* **EXERCISE INSTRUCTIONS**: Write out the whole listing word for word.

* **EXCERPTED DATA**:
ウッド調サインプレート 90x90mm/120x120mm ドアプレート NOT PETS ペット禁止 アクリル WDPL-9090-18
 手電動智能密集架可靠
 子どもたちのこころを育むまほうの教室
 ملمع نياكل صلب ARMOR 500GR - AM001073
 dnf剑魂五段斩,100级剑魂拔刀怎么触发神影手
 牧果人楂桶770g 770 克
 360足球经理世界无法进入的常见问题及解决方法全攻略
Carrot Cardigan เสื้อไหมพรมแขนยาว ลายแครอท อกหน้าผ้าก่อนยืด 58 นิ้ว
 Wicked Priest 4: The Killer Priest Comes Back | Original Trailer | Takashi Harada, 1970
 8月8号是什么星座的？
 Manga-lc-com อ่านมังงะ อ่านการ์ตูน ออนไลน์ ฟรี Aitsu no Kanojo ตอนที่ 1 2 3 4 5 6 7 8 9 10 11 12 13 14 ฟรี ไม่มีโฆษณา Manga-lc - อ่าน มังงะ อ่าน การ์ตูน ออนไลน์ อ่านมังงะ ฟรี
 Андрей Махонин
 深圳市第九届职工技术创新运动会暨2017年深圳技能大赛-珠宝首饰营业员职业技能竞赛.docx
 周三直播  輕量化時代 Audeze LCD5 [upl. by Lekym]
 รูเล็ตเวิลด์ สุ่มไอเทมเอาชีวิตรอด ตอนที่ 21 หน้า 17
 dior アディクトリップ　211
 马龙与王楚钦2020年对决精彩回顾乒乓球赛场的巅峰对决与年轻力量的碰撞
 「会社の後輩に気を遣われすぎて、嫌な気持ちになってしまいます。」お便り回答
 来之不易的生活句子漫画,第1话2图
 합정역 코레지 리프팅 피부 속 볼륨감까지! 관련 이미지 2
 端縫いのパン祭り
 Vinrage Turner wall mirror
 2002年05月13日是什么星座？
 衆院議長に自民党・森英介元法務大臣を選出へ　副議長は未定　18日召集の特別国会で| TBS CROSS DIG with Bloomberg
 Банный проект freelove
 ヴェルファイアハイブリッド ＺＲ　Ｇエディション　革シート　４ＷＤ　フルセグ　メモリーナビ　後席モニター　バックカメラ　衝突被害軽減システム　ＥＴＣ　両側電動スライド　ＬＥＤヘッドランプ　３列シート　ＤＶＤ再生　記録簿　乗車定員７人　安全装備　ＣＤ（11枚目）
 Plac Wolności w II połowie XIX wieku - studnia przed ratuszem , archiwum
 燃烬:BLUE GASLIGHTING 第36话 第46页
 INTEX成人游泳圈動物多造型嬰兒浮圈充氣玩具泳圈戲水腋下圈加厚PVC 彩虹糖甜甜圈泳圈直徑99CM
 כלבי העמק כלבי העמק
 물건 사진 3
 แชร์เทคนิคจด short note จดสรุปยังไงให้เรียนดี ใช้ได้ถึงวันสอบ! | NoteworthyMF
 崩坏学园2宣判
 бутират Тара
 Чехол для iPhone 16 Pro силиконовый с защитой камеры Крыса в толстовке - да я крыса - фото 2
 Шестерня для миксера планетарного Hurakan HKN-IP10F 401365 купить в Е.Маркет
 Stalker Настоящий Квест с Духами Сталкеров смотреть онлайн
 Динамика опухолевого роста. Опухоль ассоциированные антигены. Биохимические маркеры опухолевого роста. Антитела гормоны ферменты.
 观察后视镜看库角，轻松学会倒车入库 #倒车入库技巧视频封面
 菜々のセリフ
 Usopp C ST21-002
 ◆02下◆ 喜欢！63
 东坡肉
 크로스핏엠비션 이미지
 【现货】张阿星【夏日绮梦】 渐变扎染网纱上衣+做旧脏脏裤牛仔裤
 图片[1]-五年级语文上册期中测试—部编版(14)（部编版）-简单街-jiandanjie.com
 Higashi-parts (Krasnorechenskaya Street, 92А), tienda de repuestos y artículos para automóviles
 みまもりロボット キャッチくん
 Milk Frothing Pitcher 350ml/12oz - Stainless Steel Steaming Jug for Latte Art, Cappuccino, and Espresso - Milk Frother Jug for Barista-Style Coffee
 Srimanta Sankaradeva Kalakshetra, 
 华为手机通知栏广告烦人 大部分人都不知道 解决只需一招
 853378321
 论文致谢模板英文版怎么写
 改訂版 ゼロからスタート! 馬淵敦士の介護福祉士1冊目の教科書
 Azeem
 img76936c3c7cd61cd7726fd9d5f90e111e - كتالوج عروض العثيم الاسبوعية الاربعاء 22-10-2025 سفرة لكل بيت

* **REPLY**:
ウッド調サインプレート 90x90mm/120x120mm ドアプレート NOT PETS ペット禁止 アクリル WDPL-9090-18
 手電動智能密集架可靠
 子どもたちのこころを育むまほうの教室
 ملمع نياكل صلب ARMOR 500GR - AM001073
 dnf剑魂五段斩,100级剑魂拔刀怎么触发神影手
 牧果人楂桶770g 770 克
 360足球经理世界无法进入的常见问题及解决方法全攻略
Carrot Cardigan เสื้อไหมพรมแขนยาว ลายแครอท อกหน้าผ้าก่อนยืด 58 นิ้ว
 Wicked Priest 4: The Killer Priest Comes Back | Original Trailer | Takashi Harada, 1970
 8月8号是什么星座的？
 Manga-lc-com อ่านมังงะ อ่านการ์ตูน ออนไลน์ ฟรี Aitsu no Kanojo ตอนที่ 1 2 3 4 5 6 7 8 9 10 11 12 13 14 ฟรี ไม่มีโฆษณา Manga-lc - อ่าน มังงะ อ่าน การ์ตูน ออนไลน์ อ่านมังงะ ฟรี
 Андрей Махонин
 深圳市第九届职工技术创新运动会暨2017年深圳技能大赛-珠宝首饰营业员职业技能竞赛.docx
 周三直播  輕量化時代 Audeze LCD5 [upl. by Lekym]
 รูเล็ตเวิลด์ สุ่มไอเทมเอาชีวิตรอด ตอนที่ 21 หน้า 17
 dior アディクトリップ　211
 马龙与王楚钦2020年对决精彩回顾乒乓球赛场的巅峰对决与年轻力量的碰撞
 「会社の後輩に気を遣われすぎて、嫌な気持ちになってしまいます。」お便り回答
 来之不易的生活句子漫画,第1话2图
 합정역 코레지 리프팅 피부 속 볼륨감까지! 관련 이미지 2
 端縫いのパン祭り
 Vinrage Turner wall mirror
 2002年05月13日是什么星座？
 衆院議長に自民党・森英介元法務大臣を選出へ　副議長は未定　18日召集の特別国会で| TBS CROSS DIG with Bloomberg
 Банный проект freelove
 ヴェルファイアハイブリッド ＺＲ　Ｇエディション　革シート　４ＷＤ　フルセグ　メモリーナビ　後席モニター　バックカメラ　衝突被害軽減システム　ＥＴＣ　両側電動スライド　ＬＥＤヘッドランプ　３列シート　ＤＶＤ再生　記録簿　乗車定員７人　安全装備　ＣＤ（11枚目）
 Plac Wolności w II połowie XIX wieku - studnia przed ratuszem , archiwum
 燃烬:BLUE GASLIGHTING 第36话 第46页
 INTEX成人游泳圈動物多造型嬰兒浮圈充氣玩具泳圈戲水腋下圈加厚PVC 彩虹糖甜甜圈泳圈直徑99CM
 כלבי העמק כלבי העמק
 물건 사진 3
 แชร์เทคนิคจด short note จดสรุปยังไงให้เรียนดี ใช้ได้ถึงวันสอบ! | NoteworthyMF
 崩坏学园2宣判
 бутират Тара
 Чехол для iPhone 16 Pro силиконовый с защитой камеры Крыса в толстовке - да я крыса - фото 2
 Шестерня для миксера планетарного Hurakan HKN-IP10F 401365 купить в Е.Маркет
 Stalker Настоящий Квест с Духами Сталкеров смотреть онлайн
 Динамика опухолевого роста. Опухоль ассоциированные антигены. Биохимические маркеры опухолевого роста. Антитела гормоны ферменты.
 观察后视镜看库角，轻松学会倒车入库 #倒车入库技巧视频封面
 菜々のセリフ
 Usopp C ST21-002
 ◆02下◆ 喜欢！63
 东坡肉
 크로스핏엠비션 이미지
 【现货】张阿星【夏日绮梦】 渐变扎染网纱上衣+做旧脏脏裤牛仔裤
 图片[1]-五年级语文上册期中测试—部编版(14)（部编版）-简单街-jiandanjie.com
 Higashi-parts (Krasnorechenskaya Street, 92А), tienda de repuestos y artículos para automóviles
 みまもりロボット キャッチくん
 Milk Frothing Pitcher 350ml/12oz - Stainless Steel Steaming Jug for Latte Art, Cappuccino, and Espresso - Milk Frother Jug for Barista-Style Coffee
 Srimanta Sankaradeva Kalakshetra, 
 华为手机通知栏广告烦人 大部分人都不知道 解决只需一招
 853378321
 论文致谢模板英文版怎么写
 改訂版 ゼロからスタート! 馬淵敦士の介護福祉士1冊目の教科書
 Azeem
 img76936c3c7cd61cd7726fd9d5f90e111e - كتالوج عروض العثيم الاسبوعية الاربعاء 22-10-2025 سفرة لكل بيت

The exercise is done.